Shooting bolsters case for Afghanistan pullout: Obama

US President Barack Obama. Photo Reuters
US President Barack Obama. Photo Reuters
US President Barack Obama says a deadly shooting rampage by a US soldier in Afghanistan is another reason for moving ahead with plans to withdraw American forces from that country.

"It makes me more determined to make sure we're getting our troops home," Obama said in an interview with KDKA, a CBS affiliate in Pittsburgh.

"It's time.
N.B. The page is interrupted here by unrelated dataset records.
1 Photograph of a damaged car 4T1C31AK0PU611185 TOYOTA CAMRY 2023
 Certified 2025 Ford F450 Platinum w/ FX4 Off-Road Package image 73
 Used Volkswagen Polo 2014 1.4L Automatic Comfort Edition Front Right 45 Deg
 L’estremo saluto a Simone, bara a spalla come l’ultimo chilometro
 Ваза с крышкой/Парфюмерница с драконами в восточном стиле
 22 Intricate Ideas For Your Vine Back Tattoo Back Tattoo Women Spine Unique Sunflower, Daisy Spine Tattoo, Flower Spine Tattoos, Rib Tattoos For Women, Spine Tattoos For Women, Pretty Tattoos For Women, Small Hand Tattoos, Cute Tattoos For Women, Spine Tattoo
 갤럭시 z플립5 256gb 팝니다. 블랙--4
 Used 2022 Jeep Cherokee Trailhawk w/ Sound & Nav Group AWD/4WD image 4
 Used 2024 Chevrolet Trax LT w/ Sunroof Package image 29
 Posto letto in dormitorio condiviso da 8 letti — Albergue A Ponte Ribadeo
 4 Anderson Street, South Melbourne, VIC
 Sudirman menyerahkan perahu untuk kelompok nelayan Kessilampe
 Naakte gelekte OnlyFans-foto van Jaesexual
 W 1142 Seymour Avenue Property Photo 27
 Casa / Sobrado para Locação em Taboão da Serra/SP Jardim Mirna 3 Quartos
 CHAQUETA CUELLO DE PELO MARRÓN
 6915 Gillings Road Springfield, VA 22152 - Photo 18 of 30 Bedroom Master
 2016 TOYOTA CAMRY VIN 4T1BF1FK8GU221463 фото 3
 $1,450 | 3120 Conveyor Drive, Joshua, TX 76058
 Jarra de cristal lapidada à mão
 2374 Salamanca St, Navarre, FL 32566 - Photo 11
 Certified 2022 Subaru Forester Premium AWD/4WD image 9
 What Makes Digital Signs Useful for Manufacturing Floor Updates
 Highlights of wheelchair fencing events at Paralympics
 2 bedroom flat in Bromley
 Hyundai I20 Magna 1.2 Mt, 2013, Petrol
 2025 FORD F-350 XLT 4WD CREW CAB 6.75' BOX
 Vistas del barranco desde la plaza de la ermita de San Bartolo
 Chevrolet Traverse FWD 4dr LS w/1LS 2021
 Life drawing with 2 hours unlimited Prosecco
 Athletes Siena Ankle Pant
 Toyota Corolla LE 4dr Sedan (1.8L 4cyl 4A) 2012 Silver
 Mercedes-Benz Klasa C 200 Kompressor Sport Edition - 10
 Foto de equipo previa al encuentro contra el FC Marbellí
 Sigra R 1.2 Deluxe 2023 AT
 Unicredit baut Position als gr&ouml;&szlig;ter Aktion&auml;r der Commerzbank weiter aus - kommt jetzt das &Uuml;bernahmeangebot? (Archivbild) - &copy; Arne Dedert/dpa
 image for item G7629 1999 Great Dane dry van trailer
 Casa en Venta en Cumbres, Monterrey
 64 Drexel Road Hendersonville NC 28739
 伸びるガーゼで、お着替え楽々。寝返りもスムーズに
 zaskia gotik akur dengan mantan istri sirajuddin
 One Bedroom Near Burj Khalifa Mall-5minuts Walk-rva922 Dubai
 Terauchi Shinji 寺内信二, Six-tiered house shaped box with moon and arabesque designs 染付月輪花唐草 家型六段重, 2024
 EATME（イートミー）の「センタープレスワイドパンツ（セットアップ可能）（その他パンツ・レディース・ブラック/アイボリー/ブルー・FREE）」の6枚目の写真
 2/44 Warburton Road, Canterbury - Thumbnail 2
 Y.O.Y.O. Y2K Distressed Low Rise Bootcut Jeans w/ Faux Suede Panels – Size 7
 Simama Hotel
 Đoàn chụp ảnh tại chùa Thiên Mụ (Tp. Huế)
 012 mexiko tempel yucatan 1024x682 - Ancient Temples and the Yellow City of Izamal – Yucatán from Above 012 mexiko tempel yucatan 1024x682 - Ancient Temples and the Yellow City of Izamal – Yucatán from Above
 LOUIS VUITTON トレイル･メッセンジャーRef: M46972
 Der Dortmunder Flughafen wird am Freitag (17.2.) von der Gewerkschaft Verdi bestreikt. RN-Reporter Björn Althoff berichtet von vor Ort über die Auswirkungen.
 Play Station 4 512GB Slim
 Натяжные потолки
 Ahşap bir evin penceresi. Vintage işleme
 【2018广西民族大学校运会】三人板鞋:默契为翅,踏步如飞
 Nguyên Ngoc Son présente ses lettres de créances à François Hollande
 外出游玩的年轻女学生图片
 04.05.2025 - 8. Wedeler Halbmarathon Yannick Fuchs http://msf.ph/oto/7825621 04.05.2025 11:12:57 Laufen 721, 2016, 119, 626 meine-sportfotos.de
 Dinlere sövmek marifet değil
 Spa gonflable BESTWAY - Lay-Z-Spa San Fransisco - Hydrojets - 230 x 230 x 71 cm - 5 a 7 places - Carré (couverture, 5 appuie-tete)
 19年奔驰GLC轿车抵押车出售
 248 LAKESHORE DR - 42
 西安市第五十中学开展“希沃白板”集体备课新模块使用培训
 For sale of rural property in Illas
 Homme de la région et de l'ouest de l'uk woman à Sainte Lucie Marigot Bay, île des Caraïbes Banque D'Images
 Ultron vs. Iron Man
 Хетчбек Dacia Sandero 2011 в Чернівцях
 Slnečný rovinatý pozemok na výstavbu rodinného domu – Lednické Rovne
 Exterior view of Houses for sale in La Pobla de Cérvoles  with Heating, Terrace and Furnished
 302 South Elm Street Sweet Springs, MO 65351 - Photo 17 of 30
It's been a decade, and, frankly, now that we've gotten (Osama) bin Laden, now that we've weakened al Qaeda, we're in a stronger position to transition than we would have been two or three years ago," he added.

But Obama also said he did not think there should be a "rush to the exits" and that the drawdown must be carried out in a responsible way.

Obama will host NATO leaders for a summit in May that will focus on defining plans for gradually trimming Western forces and putting Afghan troops in charge of security.

Most Western forces are due to be gone from Afghanistan by the end of 2014.

Obama was pressed in a separate interview with WFTV, an ABC affiliate in Orlando, on whether there were parallels between the killing of 16 Afghan villagers and the notorious 1968 My Lai massacre of the Vietnam War.

"It's not comparable," Obama said.

"It appeared you had a lone gunman who acted on his own," he said of the Afghanistan incident. "In no way is this representative of the enormous sacrifices that our men and women have made in Afghanistan."

 

Meanwhile, the US Army staff sergeant accused of the massacre was treated for traumatic brain injury after being in a vehicle that rolled over in Iraq in 2010, a US official says.

The official, speaking on condition of anonymity, said it was premature to state whether there was any link between the 2010 injury and the Afghanistan incident.